⟨

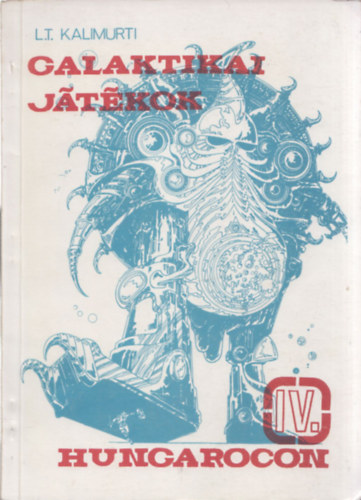 L.T. Kalimurti - Galaktikai j�t�kok - Hungarocon IV.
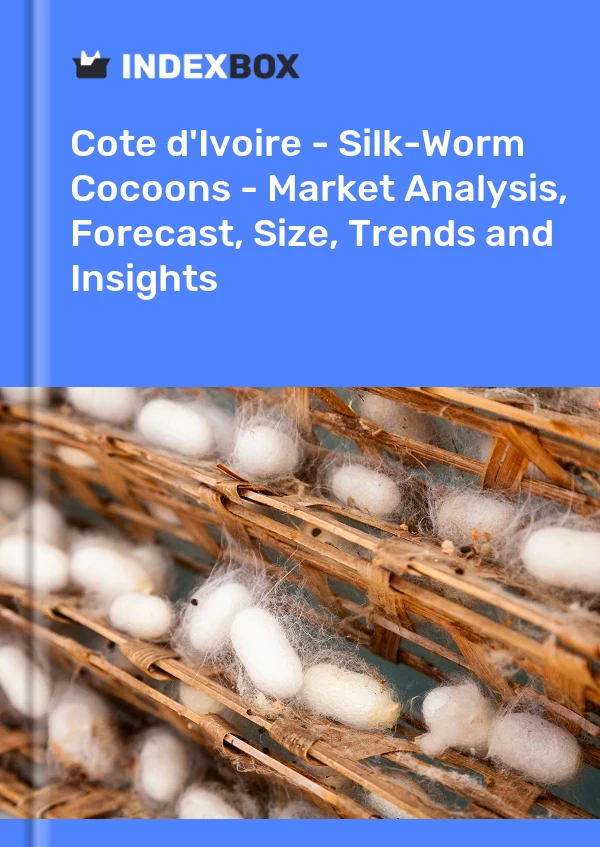 Report Cote d'Ivoire - Silk-Worm Cocoons - Market Analysis, Forecast, Size, Trends and Insights for 499$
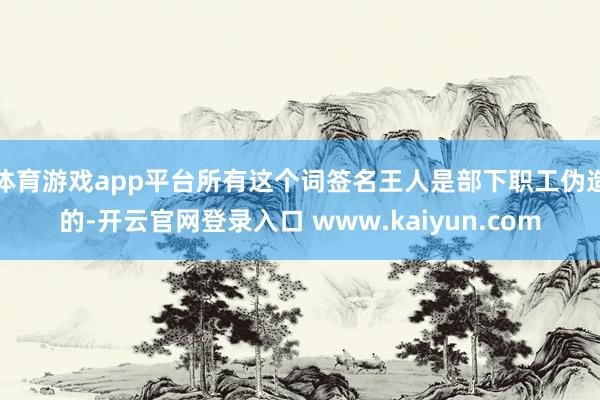 体育游戏app平台所有这个词签名王人是部下职工伪造的-开云官网登录入口 www.kaiyun.com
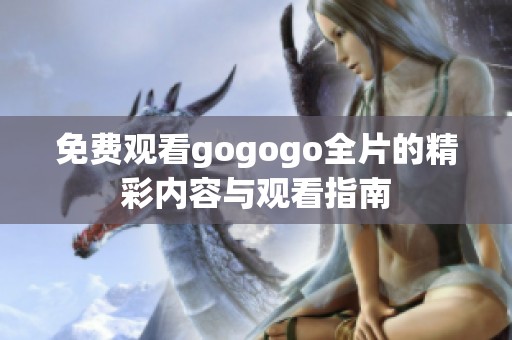 免费观看gogogo全片的精彩内容与观看指南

⟩

- **PROMPT**
Would you please repeat all the data word for word, but without the pictures?

- **SOLUTION TO THIS TASK**
 L.T. Kalimurti - Galaktikai j�t�kok - Hungarocon IV.
 Report Cote d'Ivoire - Silk-Worm Cocoons - Market Analysis, Forecast, Size, Trends and Insights for 499$
 体育游戏app平台所有这个词签名王人是部下职工伪造的-开云官网登录入口 www.kaiyun.com
 免费观看gogogo全片的精彩内容与观看指南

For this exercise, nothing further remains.